JBS CEO Gilberto Tomazoni highlighted the meat giant’s improving margins as the group booked a second-quarter loss.
The Brazil-based company posted a net loss of $53.2m for the three months to the end of June, compared to a profit of $803.2m a year earlier.
JBS’s net sales fell 3.6% to $18.1bn, dented by lower sales from its domestic operations, from its pork division, from its business in Australia and from Pilgrim’s Pride, the US-based group in which the company owns a majority stake.
The lower sales, combined with a 4% increase in the cost of goods sold and higher debt expenses, pressured JBS’s bottom line.
In the first quarter of the year, the Swift and Pilgrim’s brand owner booked a loss of 1.5bn reais ($302.2m) for the opening three months of the year, compared to a net income of 4.6bn reais in the first quarter of 2022.
Nevertheless, looking at JBS’s adjusted EBITDA margin for the second quarter (which stood at 5%), Tomazoni said the company was seeing progress. A year ago, its adjusted EBITDA margin was 11.2%. In the first quarter of 2023, that metric stood at 2.5%.
“Our promising prospects for 2023 have begun to materialise,” he said. “Although the global context remains challenging for the protein sector, we have confidence that we have started a gradual recovery of our margins.”
Second-quarter adjusted EBITDA was $902.8m, down 57.1% compared to a year earlier.
Tomazoni said JBS had reacted to an increased global supply of chicken and “tighter margins” in the US beef business by looking to improve the efficiency of its operations in Brazil and the US.
“These initiatives have already started to have an effect on our operations, as shown by the improvement of our margins, reinforcing our belief that we should focus on what we control to achieve superior financial performance in challenging scenarios like the current one for the global protein industry,” he said.
“In the coming months, we also see a scenario of a more balanced poultry supply, with potential positive impacts on sector prices, and we are already capturing the decrease in corn prices in our cost structure, a situation that also benefits our pork business.”
Last month, the group said it was revisiting plans to seek a stock-market listing in New York.
The world’s largest meatpacker completed an IPO in Sao Paulo in 2007 and had been touting a US listing since at least 2016 through its Netherlands-headquartered overseas subsidiary JBS Foods International.
However, JBS culled the plans in 2017 amid a corruption scandal centered around the company’s controlling shareholder, J&F Investimentos, and two members of the Batista family that ran the investment firm.

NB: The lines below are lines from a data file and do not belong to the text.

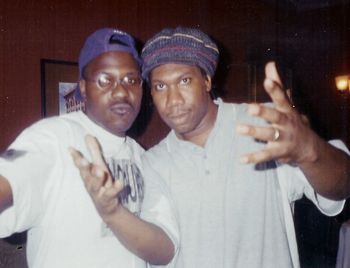 KRS-ONE after interviewing him in early 2000s in Chicago.
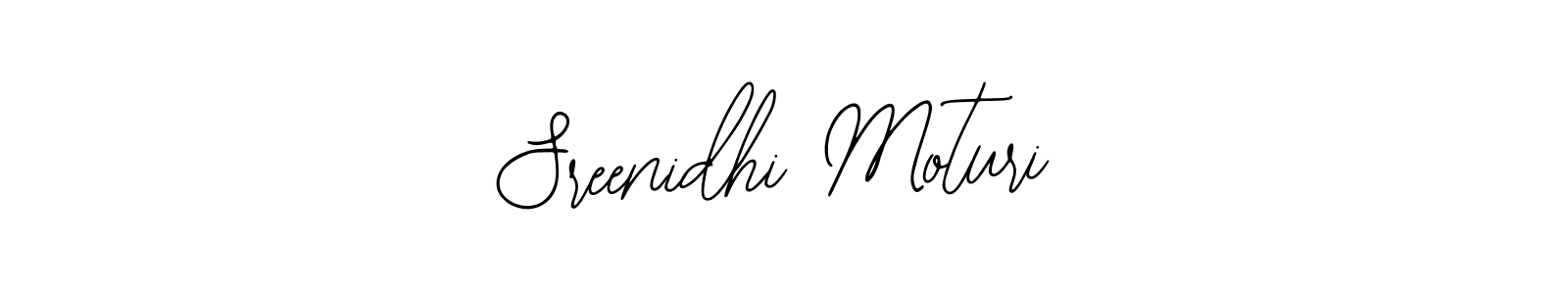 How to make Sreenidhi Moturi signature? Bearetta-2O07w is a professional autograph style. Create handwritten signature for Sreenidhi Moturi name. Sreenidhi Moturi signature style 12 images and pictures png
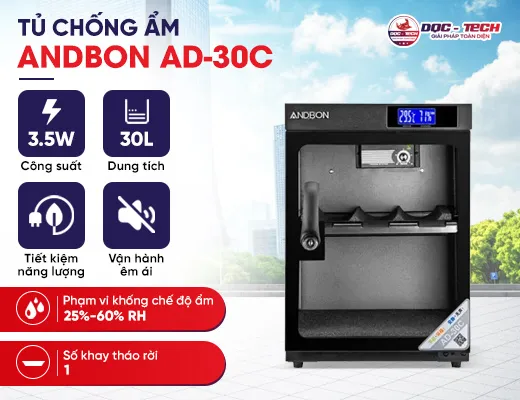 Tủ chống ẩm Andbon AD-30C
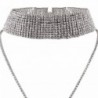 FANCY LOVE Diamond Rhinestone Necklace in Women's Choker Necklaces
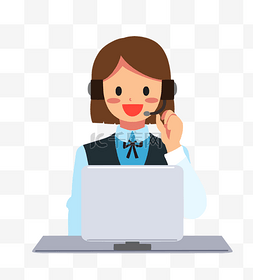 国潮漫画风女孩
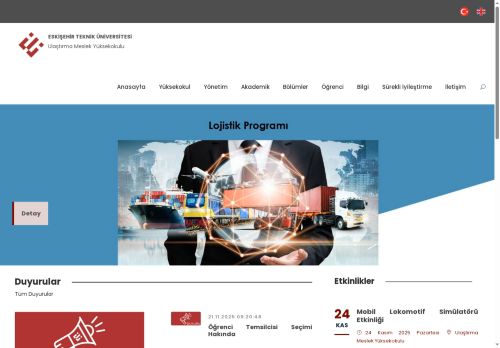 Ulaştırma Meslek Yüksekokulu - Eskişehir Teknik Üniversitesi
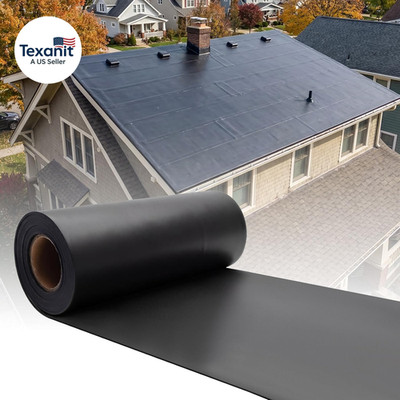 30 Ft X 20 Inches Epdm Rubber Roofing Membrane 27.5 Mil, Waterproof Epdm Rubber 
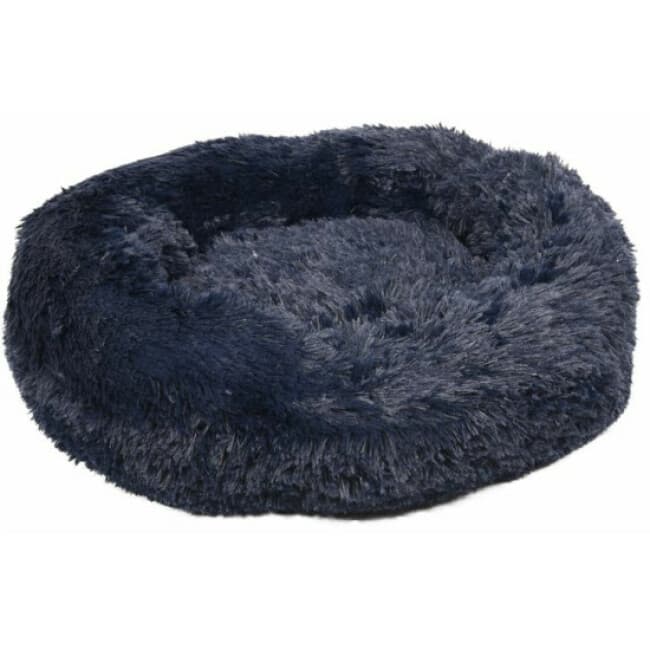 Coussin doux rond Krems Flamingo Bleu Marine pour chien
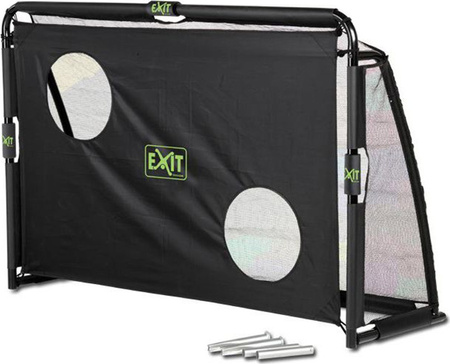 Bramka do piłki nożnej Exit Maestro 180x120x60 cm czarna 00082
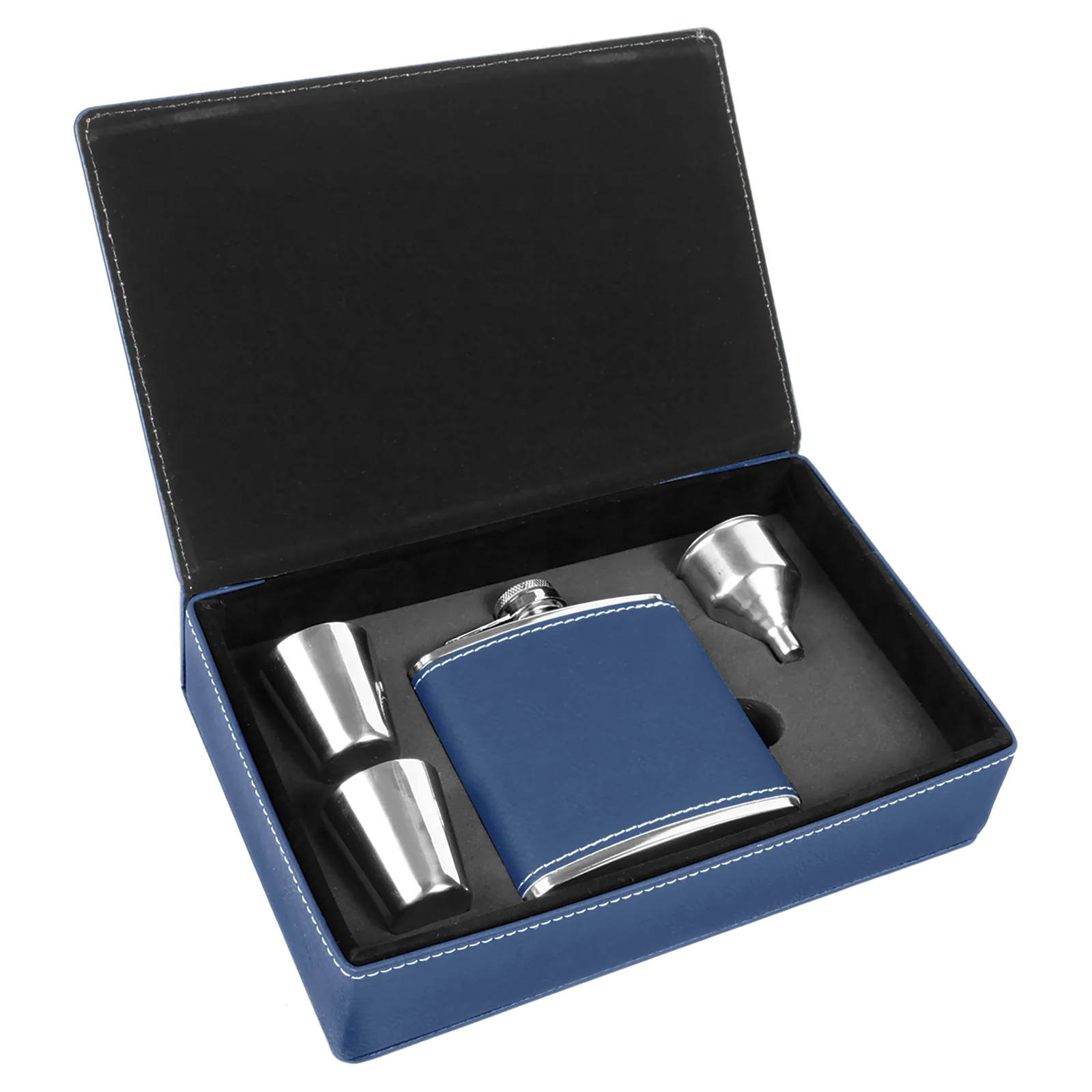 6 oz. Leatherette Flask Gift Set — photo 8 of 14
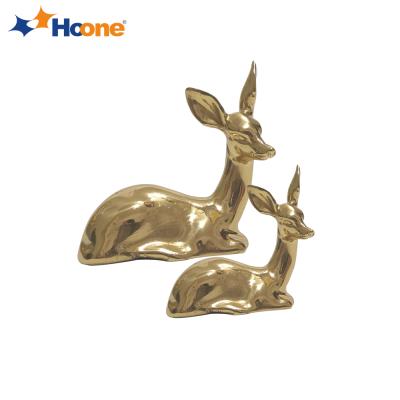 China Customized Brass Animal Deer Furniture Cabinet Door Wardrobe Handle Knobs Puller Animal Brass Knob for sale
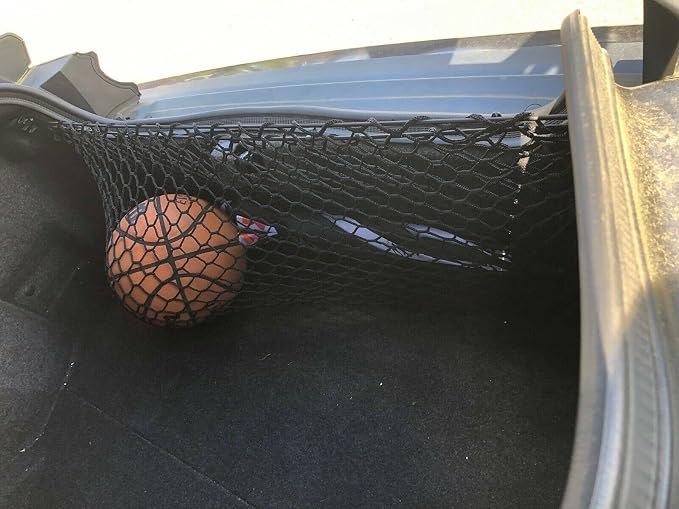 Trunk Organizer Cargo Net for Dodge Challenger 2008-2023 - Envelope Style Cargo Net for Coupe - Premium Mesh Car Trunk Organizer Vehicle Carrier Storage – Compatible with Challenger
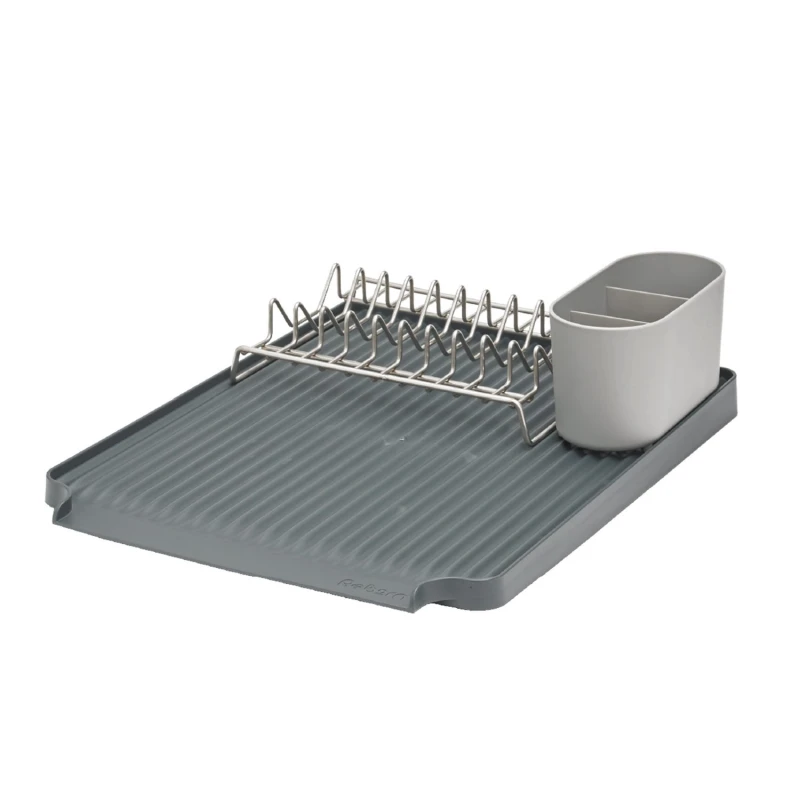 Image of ReBorn Recycled Versatile Made in Britain 10 Plates Large Draining Rack Dark Grey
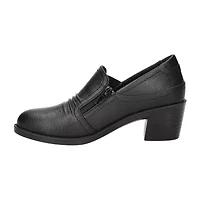 Easy Street Womens Joplin Block Heel Booties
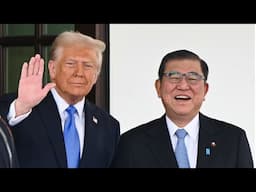 President Trump Greets the Prime Minister of Japan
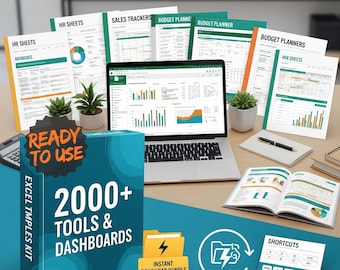 2000+ Excel Templates Mega Bundle – Business, Finance, HR, Project Management, Dashboards & Productivity Tools | Updated 2026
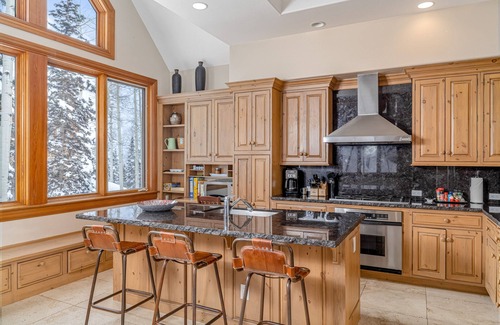 Mountain Village House | Grand mountain chateau with hot tub, sauna, fireplace & ski-in/out access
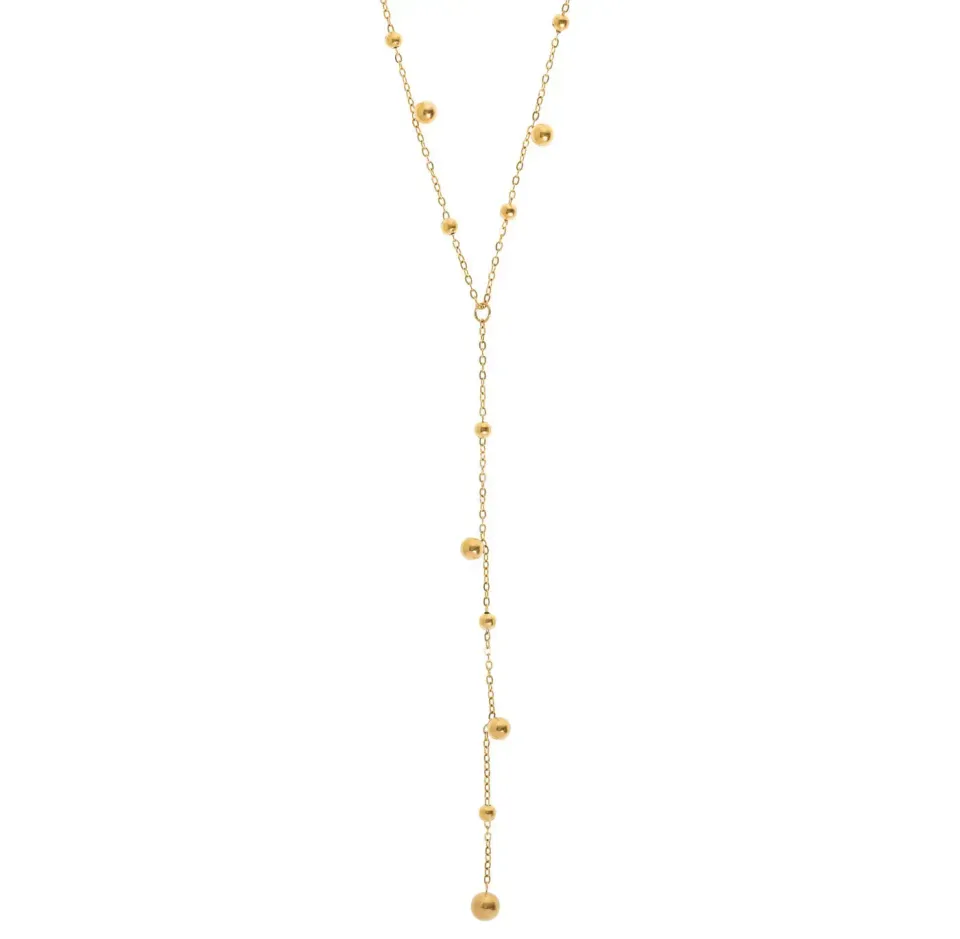 TIMI OF SWEDEN Klara halskæde lariat guld 42 cm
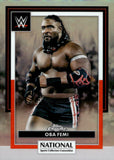 2026 Oba Femi Topps Chrome WWE National Sports Card Convention Refractor #WWE-06 Monday Night Raw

Tomazoni said yesterday the US listing was “a transformational move to build the company’s new growth avenues”.
He added: “Our dual listing strategy will give us more flexibility to finance our growth and de-leverage, in addition to reducing capital costs. We will have access to a broader investor base, with great financial capacity, favouring the unlocking of the value of our shares and expanding our investment capacity.”